I have a strange phenomenon, a process that uses only asynchronous data transfers and kernel initiations runs much faster when the environment variable PGI_ACC_TIME is set to 1. Since this gathers timing information on all kernel calls I’d assume there is some overhead and it would run a bit slower, however it consistently runs faster, by about 40%. So my question is what changes when this variable is set that could possible lead to this performance gain?
That is odd and counter-intuitive. Our runtime profiler does introduce a bit of overhead so I’d expect a very slight slow down but it’s shouldn’t speed things up.

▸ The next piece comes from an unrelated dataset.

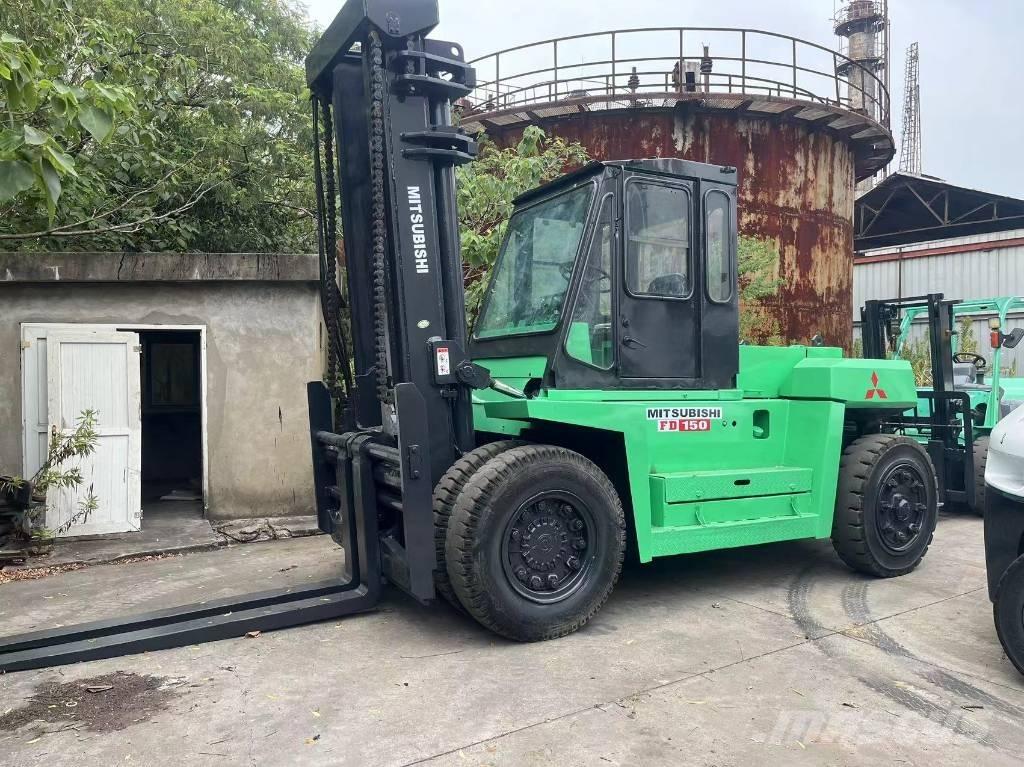 Mitsubishi FD 150 شاحنات الديزل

The only thing I can think of is that ACC_TIME may be forcing synchronization. Can you try using the environment flag “NVCOMPILER_ACC_SYNCHRONOUS=1” (without ACC_TIME) so “async” is disabled? (Note the “PGI” prefix still works, but is deprecated… We also accept the abbreviated “NV” prefix) .

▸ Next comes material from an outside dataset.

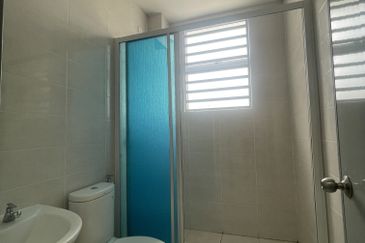 Tmn Klebang Perdana Double Storey House for Sale 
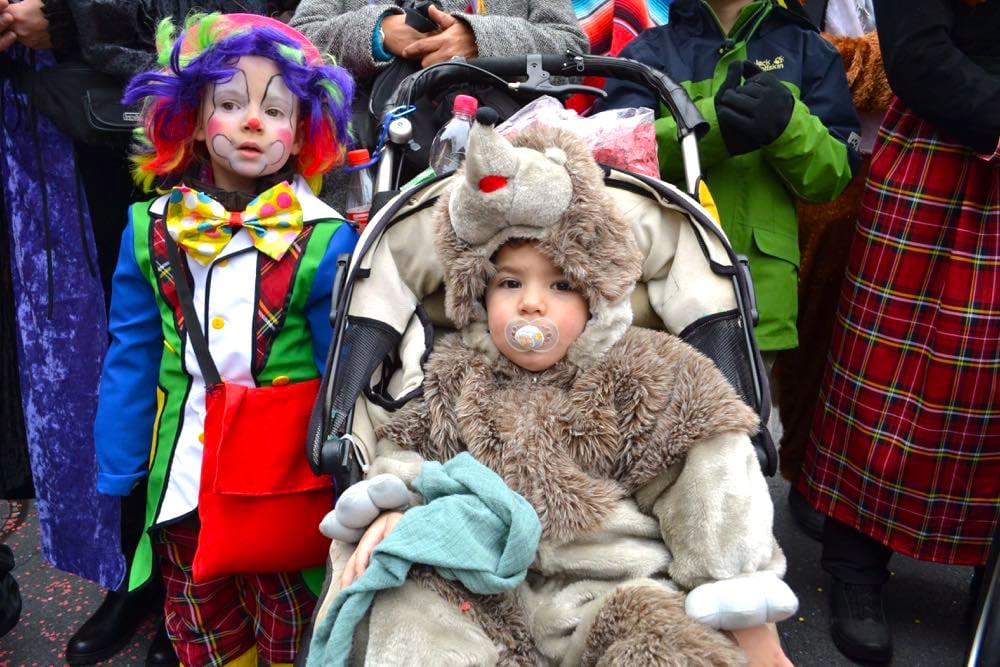 Warm eingepackt im Kinderwagen lässt sich die Fasnacht geniessen: Thiago (2,5 Jahre alt) aus Ebikon.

If that’s not it, I’ll need to ask engineering for ideas, though if you could do some profiling to understand where the speed-up is coming from (all kernels? a particular kernel? Data transfer? Something else?) .

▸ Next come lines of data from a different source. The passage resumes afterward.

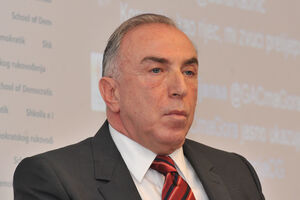 Stanković naredio da se ne hapsi Medojević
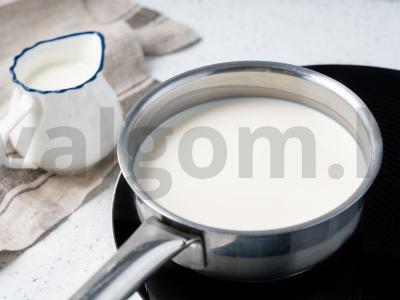 Blynai su žaliu svogūnu ir kiaušiniu Žingsnis 1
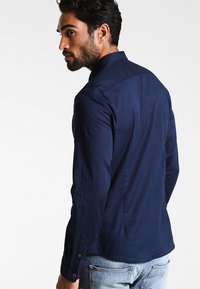 TOM TAILOR DENIM Comfort fit Camicia in Blu Reale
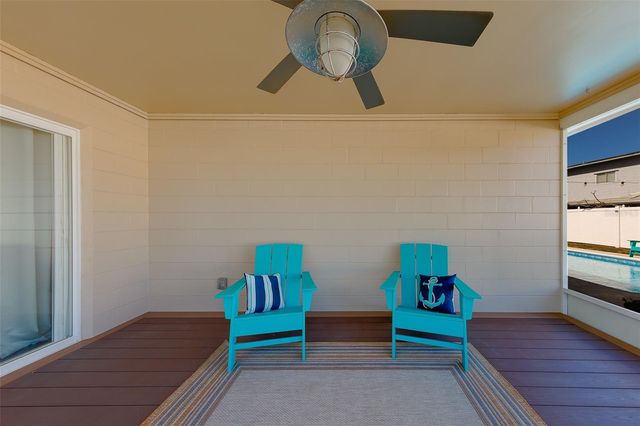 1603 W ORANGECREST AVENUE, Palm Harbor, FL 34683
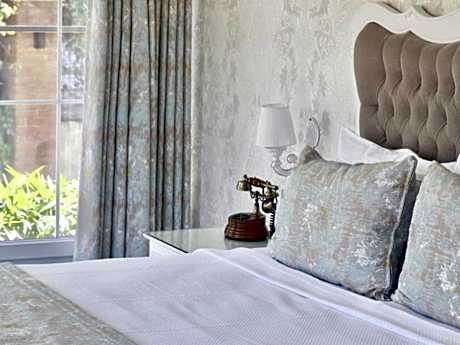 Executive Suite with Garden View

If it is async, then perhaps you’re using too many CUDA streams (OpenACC async queues)? Creating streams have a high overhead so can cause slow-downs if too many are used (best to use no more than 4 and re-use them).
when I set NVCOMPILER_ACC_SYNCHRONOUS to 1 it runs a bit slower with PGI_ACC_TIME set to 1 than without. In this program I am using 8 streams so this could be the reason that it is faster with the profiler turned on.
I will try to reduce the number of streams. My follow-up question, is this overhead of using CUDA streams due to API cost or due to hardware limitations? Meaning will this still be an issue when using a GPU with NVLINK?
Meaning will this still be an issue when using a GPU with NVLINK?
I don’t know for sure but I’d speculate that using NVLINK may help with the transfer time and thus offset more of the overhead, but wouldn’t effect the amount of start-up overhead.
I have profiled both cases with nsys and it looks like when PGI_ACC_TIME is set to 1, many kernels are executed in parallel (up to 5) while when it is set to 0 there is almost no concurrent execution of kernels on the GPU. Do you have any idea why this is happening? For me the concurrent execution would be preferable.
I talked with Michael Wolfe and he’s just as puzzled as I am. At this point we’d need a reproducing example, or maybe send me the profiles in case something jumps out?